Rescatando un clásico: ‘La tentación vive arriba’, el rol de la vecinita sexy

Muy pocos pondrían en duda que Marilyn Monroe es un icono del séptimo arte. Pero para icónica la escena de ‘La tentación vive arriba’ (‘The Seven Yeart Itch’,1955) en la que la despampanante fémina, caminando junto a Richard Sherman (interpretado por Tom Ewell) por las calles de Nueva York, se sitúa sobre una rejilla de ventilación del metro y su blanco e inmaculado vestido deja sus piernas al descubierto. De hecho, la elevación del vestido se produce dos veces y Marilyn  ni se inmuta tras el primer incidente, por aquello de que el aire es ‘refrescante’. Es cierto que la historia está contextualizada en un caluroso verano, pero también es cierto que el aire que sale por las rejillas de ventilación del suburbano suele ser más cálido que refrescante.
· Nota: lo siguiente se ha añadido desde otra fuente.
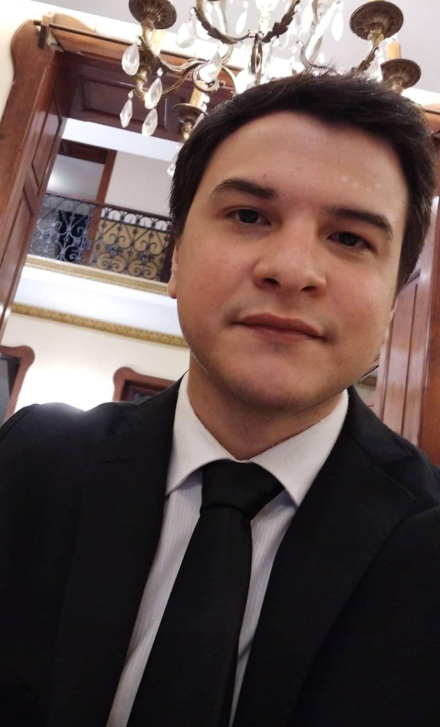 Francisco Malvido, cantante lírico.jpg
No puedo evitar preguntarme si el film dirigido por Billy Wilder no estaría influido hasta las trancas por una sociedad previamente reprimida y obsesionada por el sexo y la sensualidad. Aquella escena, si bien mítica, parece más bien un reclamo forzado.

Fotograma de 'La tentación vive arriba' (1955)
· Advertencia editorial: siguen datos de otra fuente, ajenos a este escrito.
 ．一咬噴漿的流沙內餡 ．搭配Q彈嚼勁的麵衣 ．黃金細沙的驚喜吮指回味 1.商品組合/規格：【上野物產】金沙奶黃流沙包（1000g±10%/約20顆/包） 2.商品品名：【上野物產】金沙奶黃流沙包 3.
Fotograma de ‘La tentación vive arriba’ (1955)

‘La tentación vive arriba’ es, a juicio de la que escribe, una comedia entretenida pero con un tratamiento de la mujer muy particular. Y es que Marilyn, la vecina del piso de arriba de Richard, es contradictoria como poco: es cándida, inocente, sensual y explosiva. De hecho, es más explosiva que nunca gracias a vestidos tan ajustados que la dejan casi sin respiración, que, combinados con unos voluminosos e intensos labios rojos construyen a una auténtica mujer fatal. A la par también es ingenua, pues la película no refleja a una mujer malvada ni maligna, pero quizá sí a una mujer un poco aprovechada. Como se observa,  Marilyn da vida a un personaje muy construido, ni blanco ni negro, sino con una escala de grises tremenda en su personalidad y carácter. Además, llama particularmente la atención que represente el rol de ‘la vecina’. Si no me equivoco tras el visionado de la cinta y la consulta de algunas fichas técnicas de la misma, Marilyn no tiene nombre, es simplemente ‘la chica’. Un craso error en la representación femenina en el celuloide.

INFIDELIDAD Y CASTILLOS EN EL AIRE

Durante el desarrollo de la película Marilyn y Tom se besan en diversas ocasiones, y Marilyn lo consiente aún a sabiendas de que él está casado y tiene un hijo. Quizá esto podría plantear una duda moral ¿está mal que Marilyn se vea con Tom, un hombre casado? Pero ¿quién tendrá más culpa, Marilyn que lo sabe o Tom, que será quien sea infiel a su mujer? Todo depende del punto de vista…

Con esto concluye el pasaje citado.